With years of mountain biking as well as riding various trails on cyclo-cross bikes and more recently gravel bikes, I felt I had something to contribute when I was approached by Out There Guides, an imprint of Northern Eye Books, who were branching out beyond their very successful walking books into cycling. After discussion with publisher Carl Rogers and series editor Tom Hutton, we decided to focus on what we later called “the often-overlooked gap between easy forest roads and hardcore mountain biking.” 

While a modern gravel bike is ideal for these rides, they would also be possible on a range of other bikes. As I say in the book, “Any kind of mountain bike (MTB) will serve you well, though full-suspension bikes especially are heavier than gravel bikes. A good quality hybrid bike is also a possibility, but you might want to try it on one of the easier rides first.” I could also have mentioned cyclo-cross bikes and good solid old-school touring bikes, but space was tight.

Obviously there was a lot of exploring and route-checking to be done, but I already had a pretty good idea of where most of the rides were likely to be, and most of them were in or close to Ransome country. This isn’t bias on my part; geology and history have combined to create a richer network of trails in this southern quadrant of the National Park than elsewhere.

Most obviously, there’s a ride from Coniston around the Tilberthwaite area.
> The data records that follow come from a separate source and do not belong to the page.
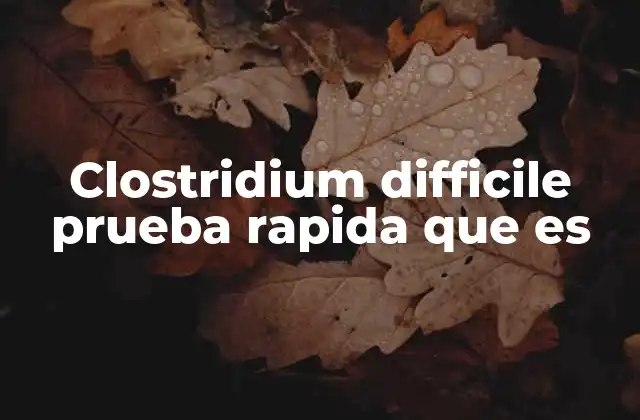 Clostridium Difficile Prueba Rapida que es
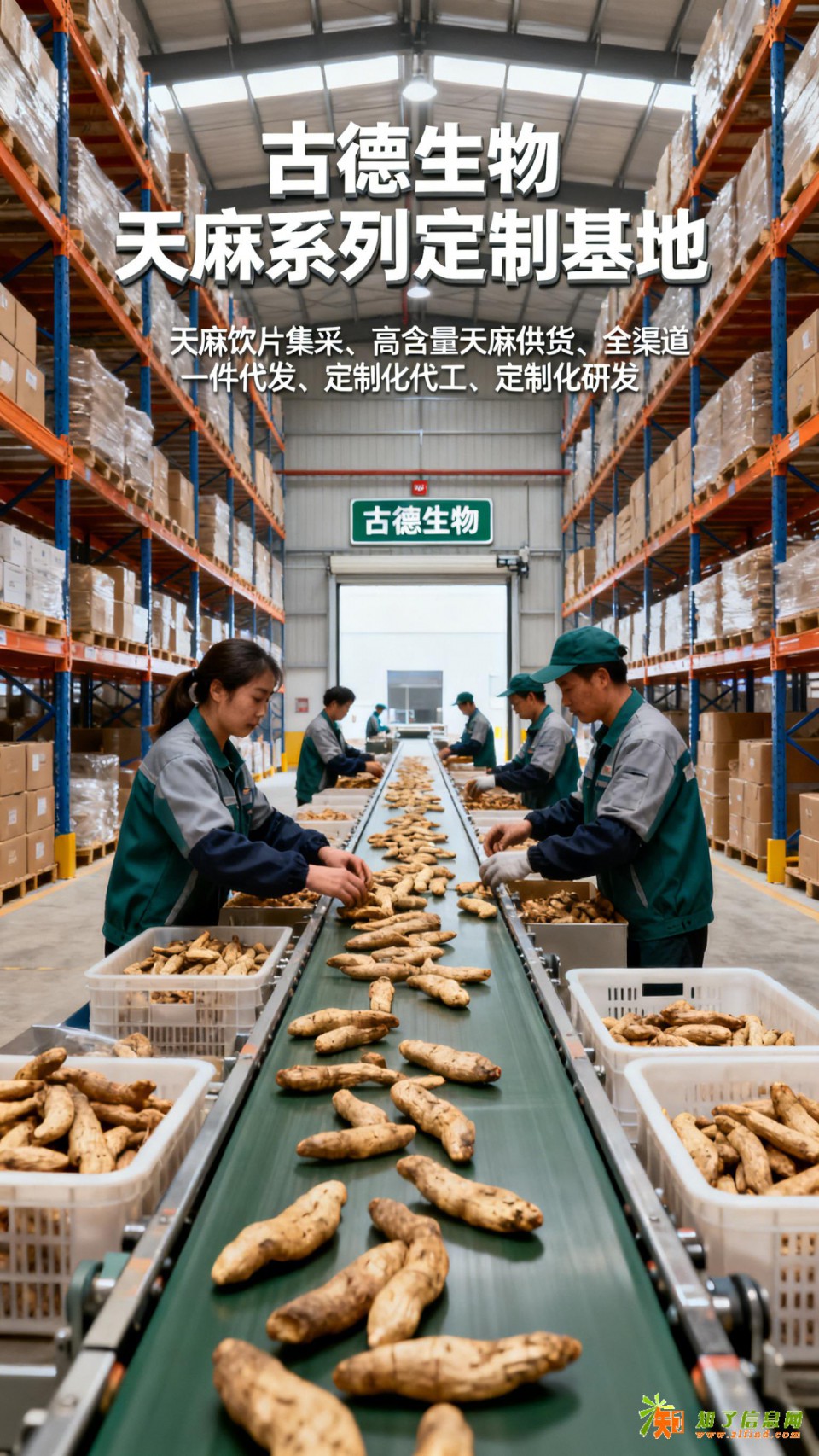 高含量天麻研发古德生物专业团队浸出物20%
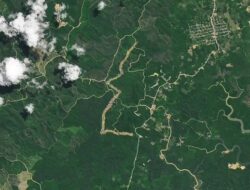 Penampakan Hutan Kalimantan dari Satelit NASA: IKN Jokowi Wiratom Disorot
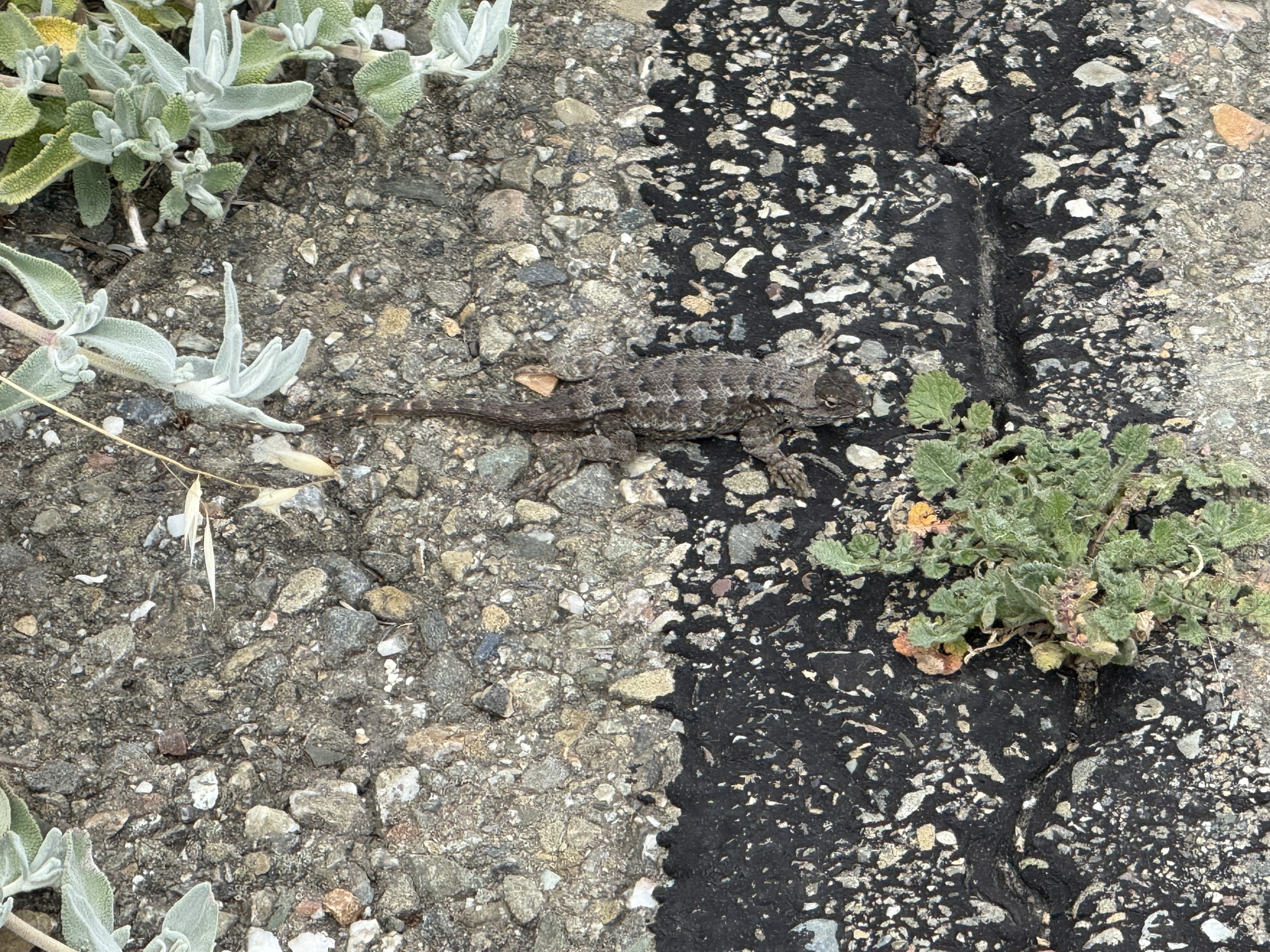 Martin Luther King Jr. Regional Shoreline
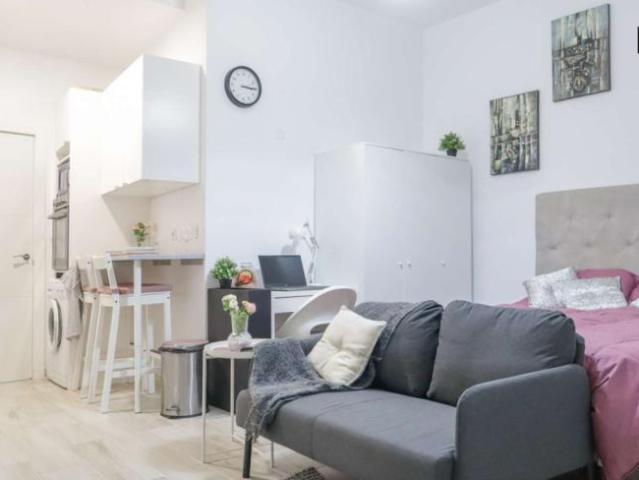 Apartamentos Madrid Madrid 101835209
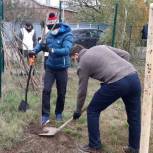 В Прикубанском округе Краснодара высадили новую  аллею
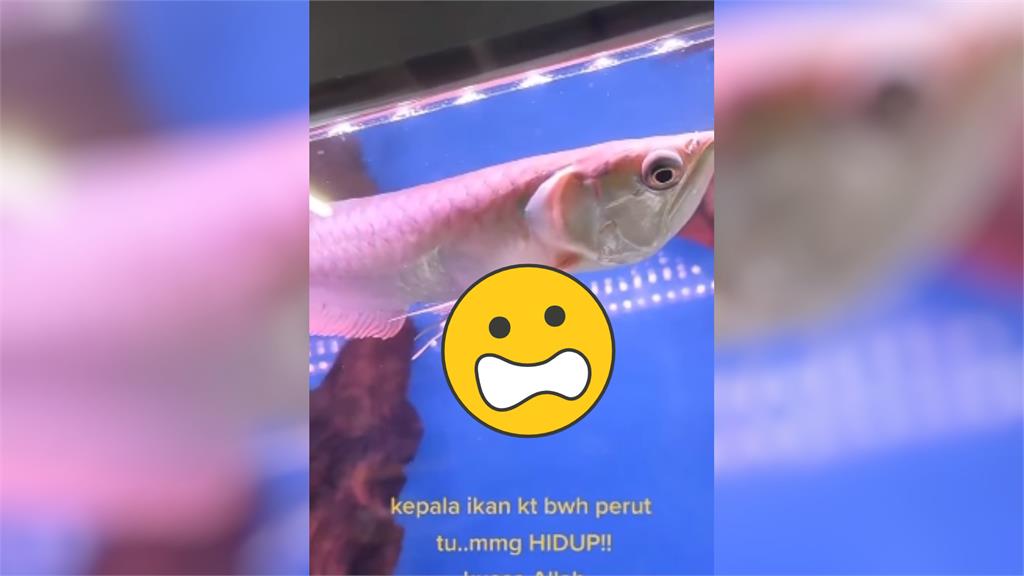 水族箱內驚見「詭異雙頭魚」！鰓下掛整顆魚頭　網嚇傻：眼睛還在動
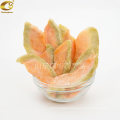 Wholesale Preserved Cantaloupe Dried Cantaloupe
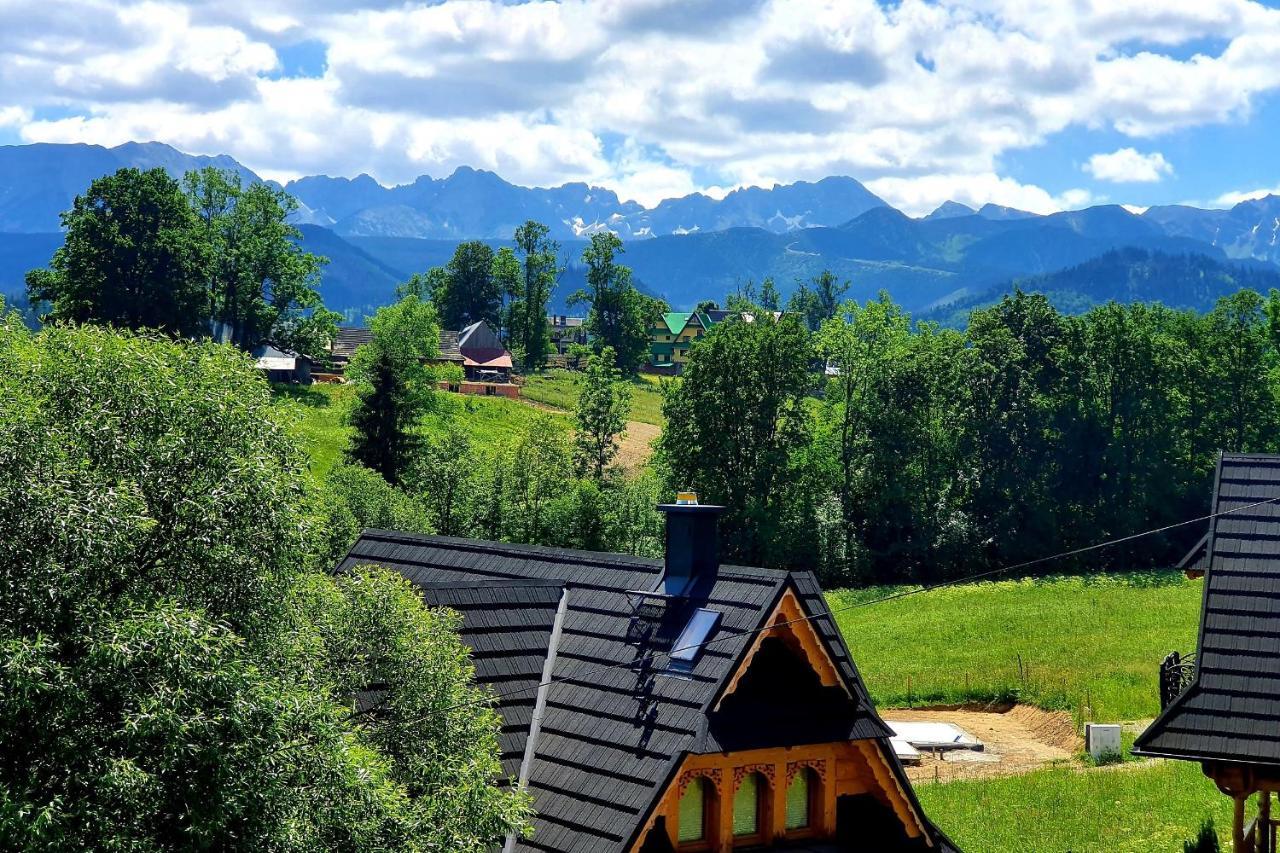 Tatrzanska Rezydencja Pod Brzyzkiem Zakopane Kültér fotó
With its extensive and fascinating old quarries, it’s rich in the atmosphere of Pigeon Post—but did Ransome have any of these trails specifically in mind when he wrote “the dromedary was jolting (Dick) almost to pieces as it slipped and jumped and jibbed and skidded and bucked over the loose stones in the old path down the wood”? Maybe, maybe not. I never felt like I was being ‘jolted almost to pieces’ on any of these trails, and I don’t think that’s all down to the superiority of modern bikes.

A technical moment on the Tilberthwaite ride

Another ride with a connection to AR’s life, though not obviously to the landscape of the books, takes you around the Cartmel valley. At one point it passes very close to Wall Nook, where AR stayed as a young man and from where he sometimes set out on epic walks to Coniston (and back) to call on the Collingwood family. However the real highlight of this ride is the trail along the flanks of Hampsfell before the end.

The trail along the flanks of Hampsfell

Deep in the heart of Ransome country, there’s also a ride along the west shore of Windermere and back via Hawkshead. In a much quieter corner a few miles to the west and south is the ride from Blawith over Subberthwaite Common. At one point this ride isn’t terribly far from Lowick Hall, where AR and Evgenia lived for a while, so he may have known the lanes, though by this stage in his life I’m sure he wouldn’t have been taking a dromedary over the tracks. There are steep climbs here, but on tarmac, while the off-road stuff is all pretty amenable, and takes you past some fascinating archaeological sites, both prehistoric and mediaeval.

A fabulous trail on Subberthwaite Common

I’d also like to mention the first volume in the ‘Great Bike Rides’ series, which has been out for some months already. This is ‘Family Cycle Rides in the Lake District’ by Alf Alderson, and does pretty much what it says on the tin. There’s partial overlap with a few of my rides but nothing to worry about. I had some editorial input into this one and provided quite a number of photos.

Either (or both!) of these books offer plenty of inspiration to explore the lake country by bike. It really is one of the best ways to see the district, and I don’t think Arthur Ransome would have had any quarrel with that.